Use Cases for Anticholinergic Medications

  • Treatment of bradycardia, IBS, and bronchial spasms (asthma, COPD).

  • Caution in patients with glaucoma or those experiencing urinary retention.

Important Points to Remember

  • Dosage must be accurate; can cause serious side effects if mismanaged.

  • Always monitor for therapeutic effects and side effects; interventions needed for overdose should be quick and effective (e.g., Atropine for cholinergic crisis).
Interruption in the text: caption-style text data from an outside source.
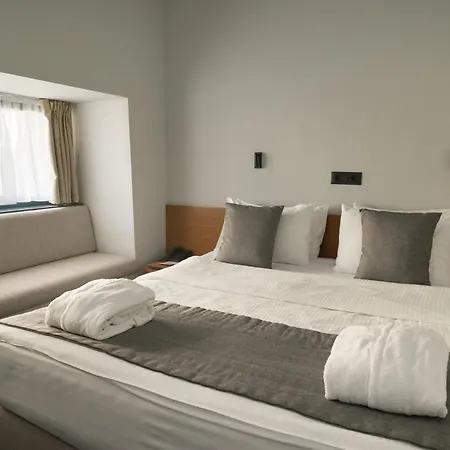 Hotel Mona Plaza 4*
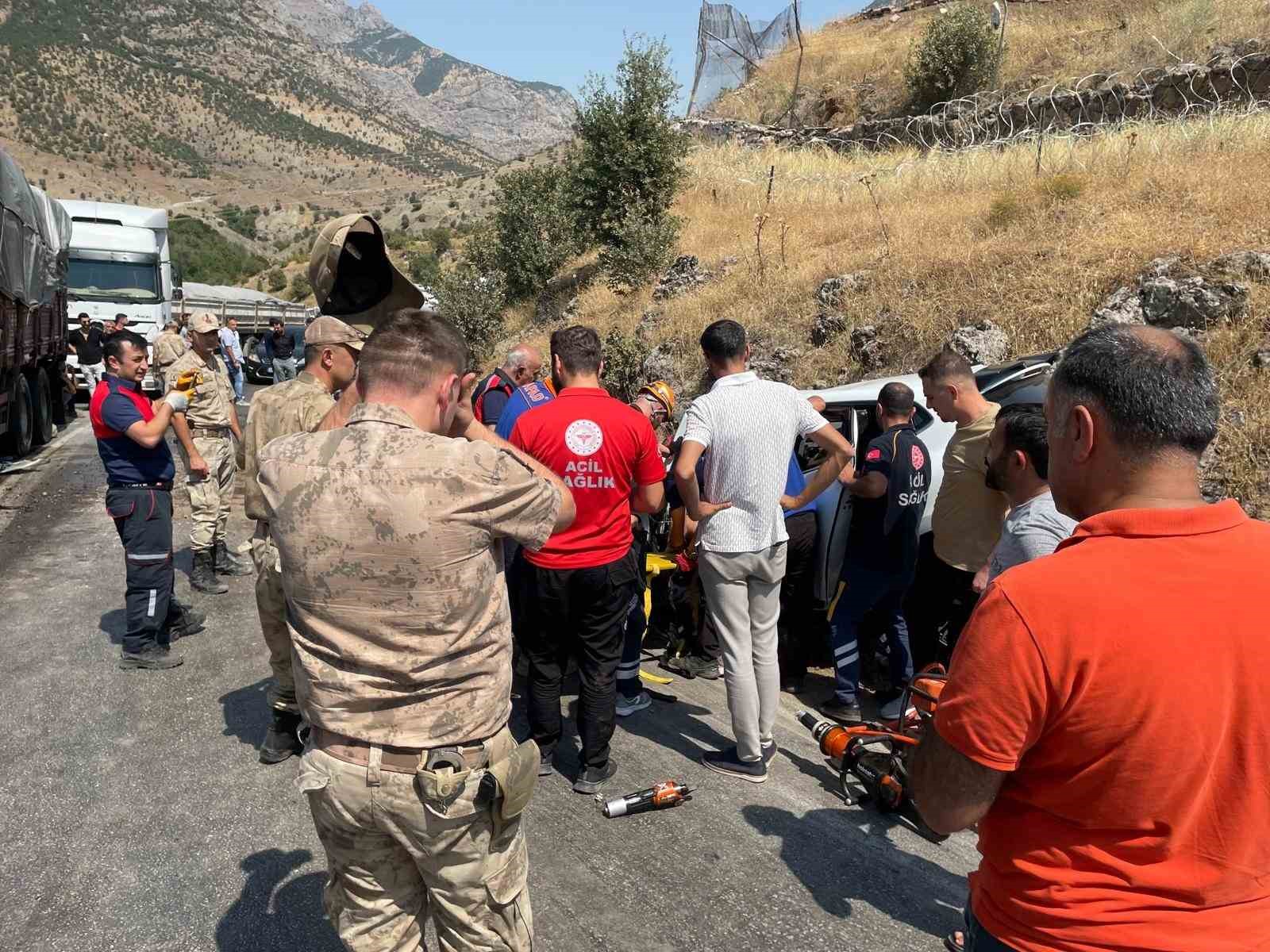Bitlis’te otomobille tır çarpıştı: 4 yaralı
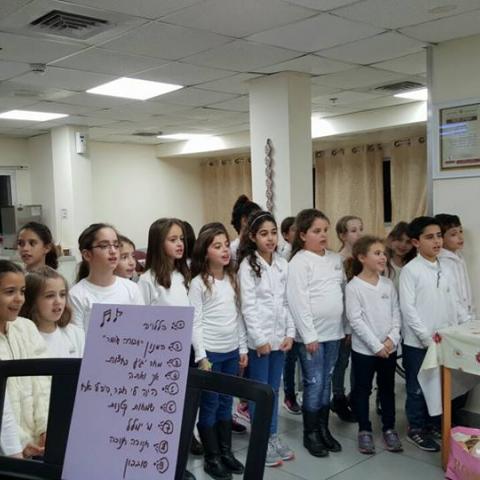 מקהלת בית הספר "דבורה עומר" ביקרו בבית האבות "נווה שלו" - חינוך בפתח תקווה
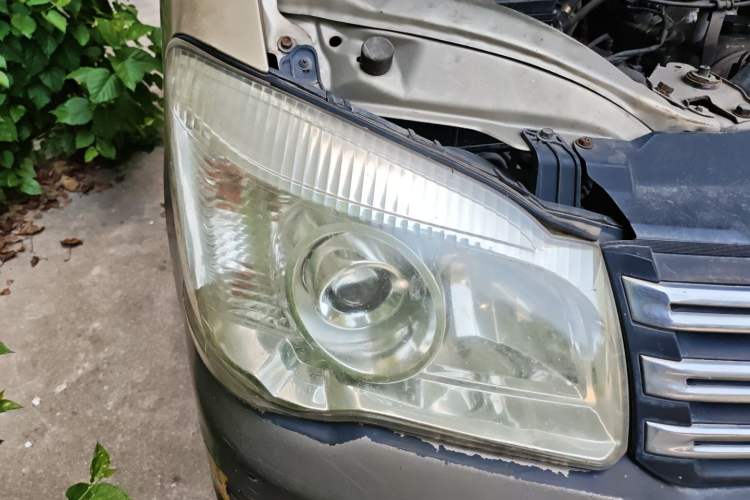 Used FORTHING Lingzhi 2015 M3 1.6L 7-Seater Standard Model
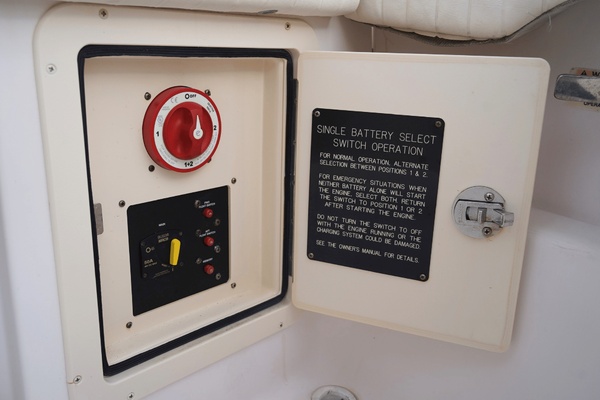 27ft Grady White Yacht For Sale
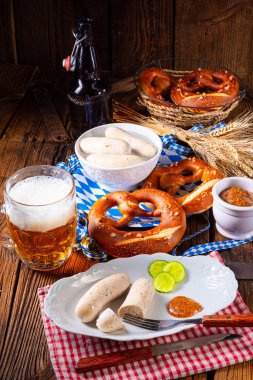 Ekim Festivali için Weisswurst krakerleri ve bira.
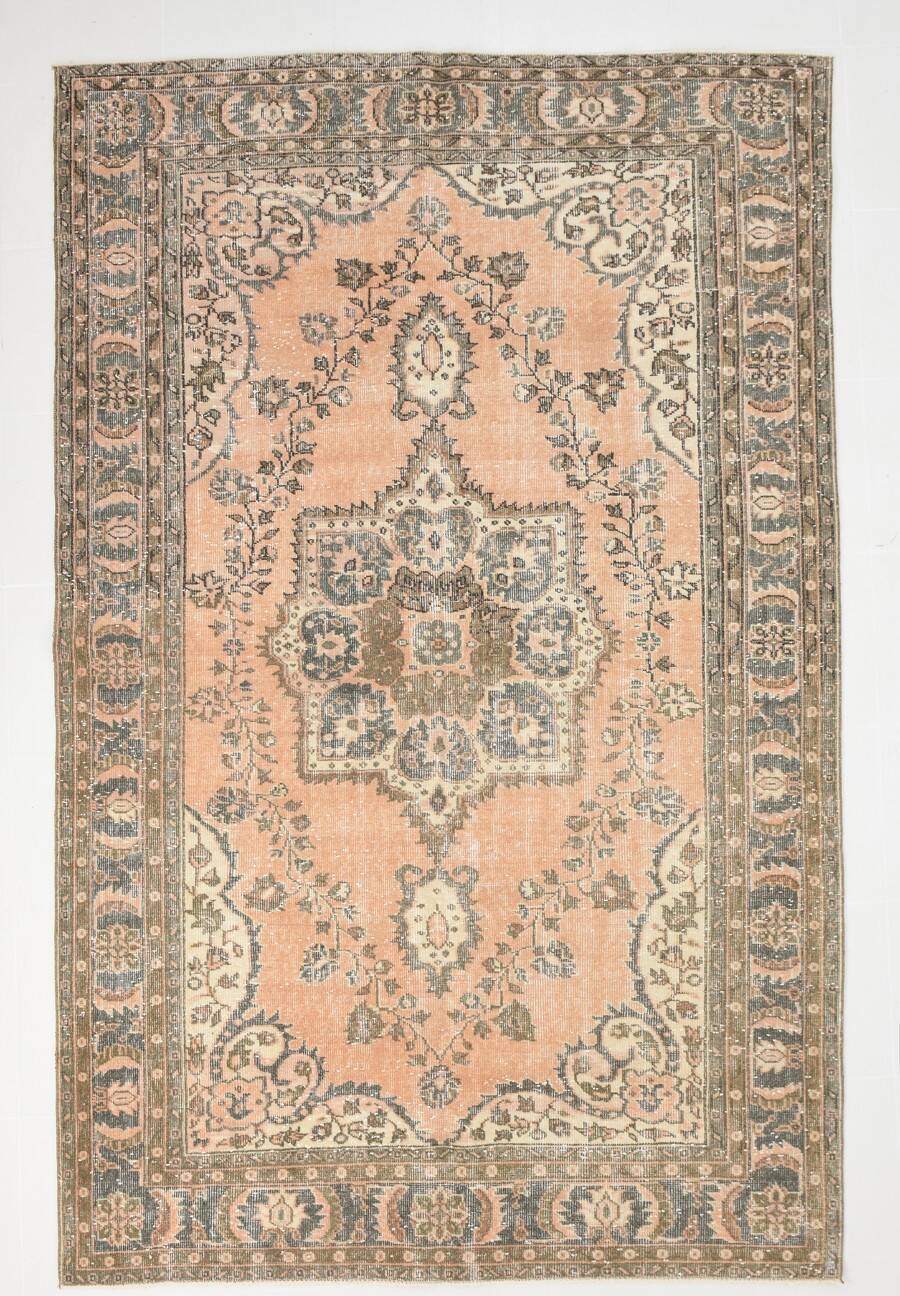 Tapis persan vintage saumon et ivoire, médaillon floral noué main,182x284Cm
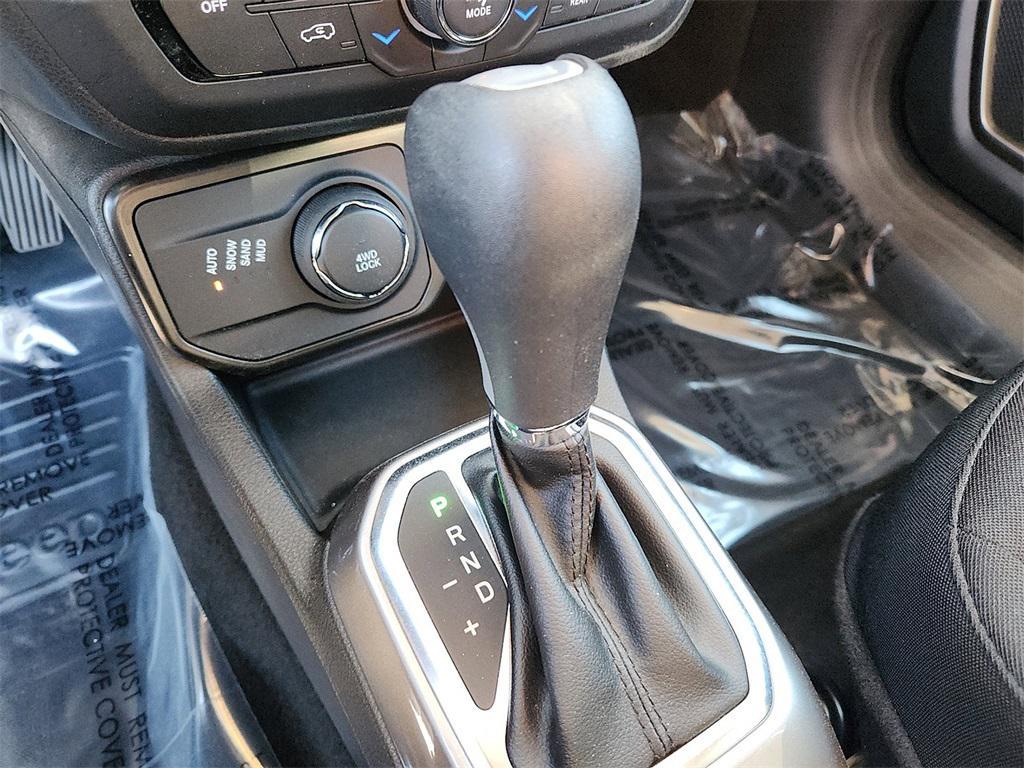 used 2022 Jeep Renegade car, priced at $19,999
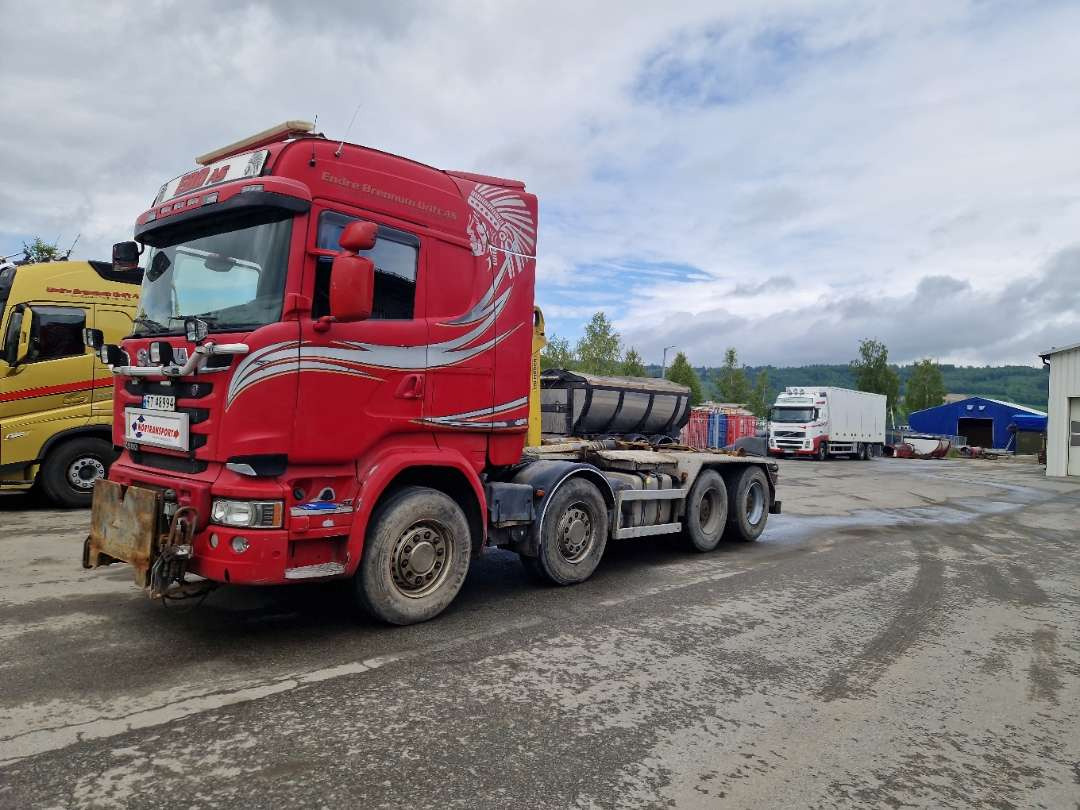 Scania R580 Brøytebil med sideplog og hydraulisk saltsystem - 후크 리프트 트럭 : 사진 2 Scania R580 Brøytebil med sideplog og hydraulisk saltsystem - 후크 리프트 트럭 : 사진 2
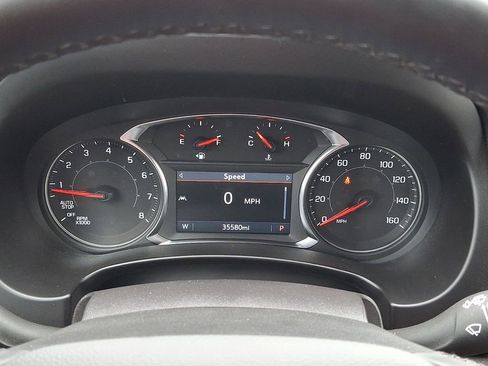 Used 2024 GMC Terrain SLT AWD/4WD image 19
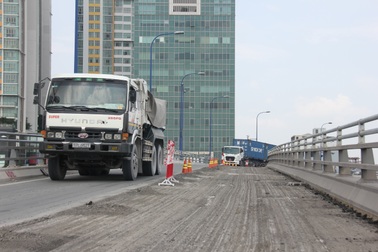 Cầu vượt Cát Lái bị thu hẹp, giao thông ùn ứ kéo dài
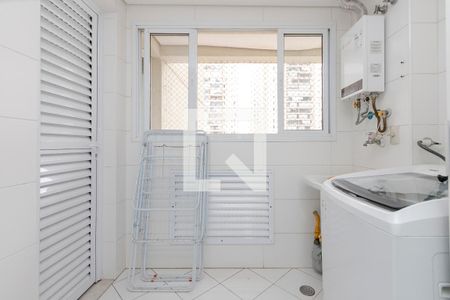 Apartamento à venda com 99m², 3 quartos e 2 vagas Apartamento à venda com 99m², 3 quartos e 2 vagasÁrea de Serviço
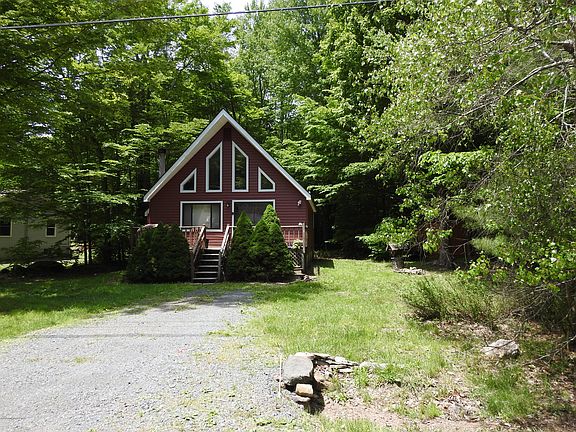2nd image of 315 Maxatawny Dr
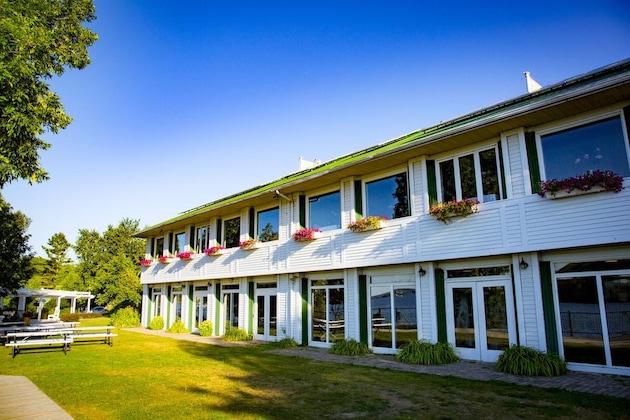 Gallery - Elmhirst's Resort - On A Lake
  • Patients should avoid dehydration and heat exposure when on anticholinergic medications due to risk of heat stroke.

Exam Preparation

  • Review chapters thoroughly, focusing on both cholinergic and anticholinergic drugs and their interactions particularly with antibiotics and pain medications - these considerations are crucial for understanding patient care requirements.

  • Important mnemonics:

    • SLUDGE for cholinergic crisis

    • Hot as a hare, dry as a bone, blind as a bat, etc. for anticholinergic effects.

Review and Q&A

  • Engage in active dialogue with peers to clarify concepts and relate them to patient care scenarios.

  • Utilize textbook questions to solidify understanding and apply knowledge effectively for the exam.